The basic idea that bothers me is that we have this general consensus about what is normal and what's not. OR what's okay and what's not okay.  

No, wait. That's wrong.

I'm not bothered by the general consensus, because sometimes I agree with it. Sometimes I like it.

I like that it seems most people accept, if not gay marriage, then at least gay civil unions.

I like that vegetarianism is no longer seen as being overly radical, and I can find vegetarian menu items at most restaurants.

I like that homeschooling is more accepted by society these days.

I like that most people are against slavery.

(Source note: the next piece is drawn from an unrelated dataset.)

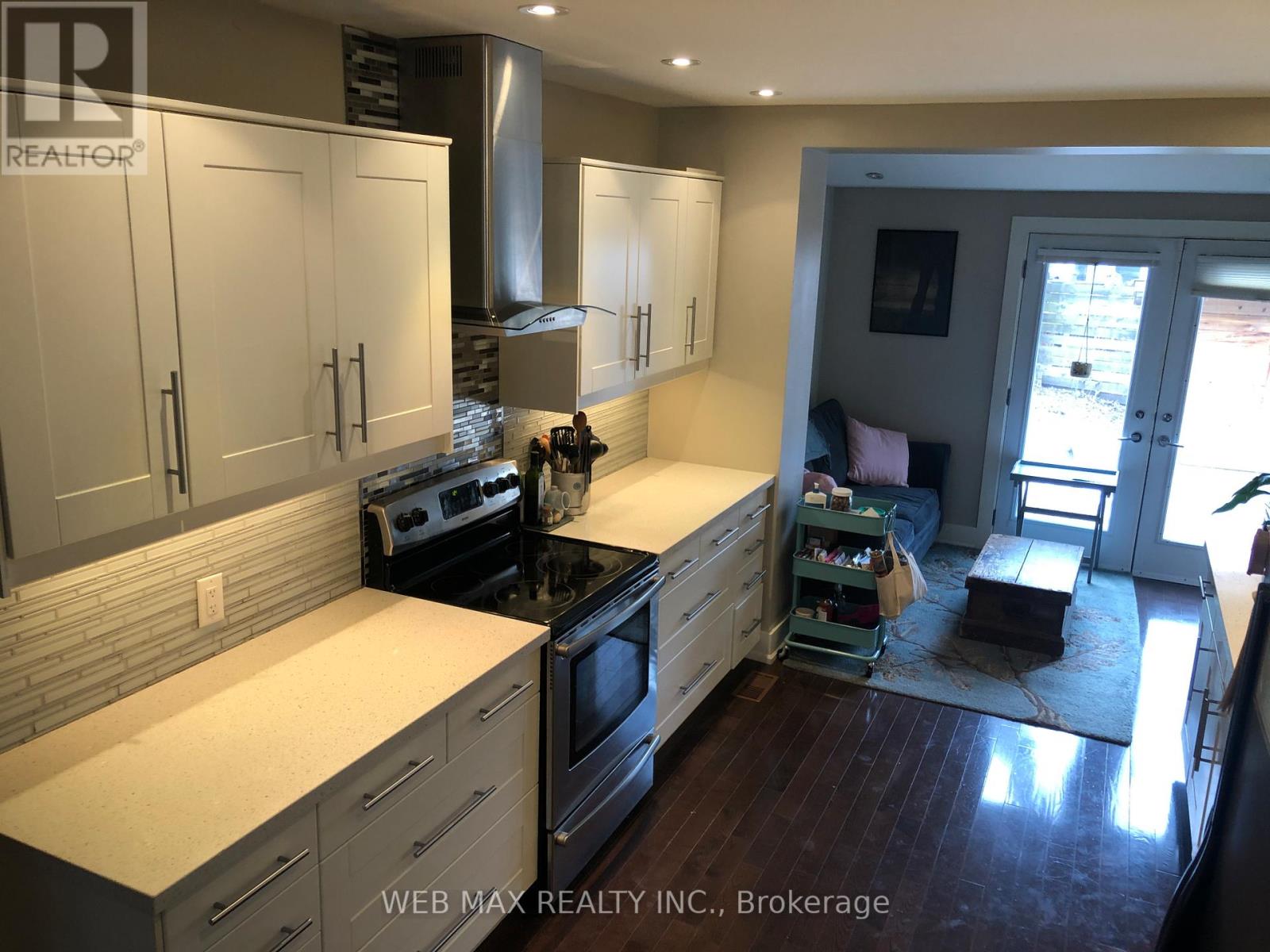 122 Booth Avenue, Toronto, Ontario  M4M 2M4 - Photo 6 - E12758032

I like that most people agree that it's wrong to hit your spouse...(though I'm mystified that some of these people would think it's okay to hit their children).  


What I should say is that I look forward to the possible day in which the crowd sees Aspergers as a normal variation of human personality.

I want the general consensus to be that it's fine to have Aspergers. It's not a problem. It's just a difference.

I can understand the viewpoint of people who see homosexuality as a disorder. I can understand the viewpoint of those who see Aspergers as a disorder.  But understanding does not equal agreement.

In my eyes, Aspergers and homosexuality help make the carpet beautiful. They're not flaws at all.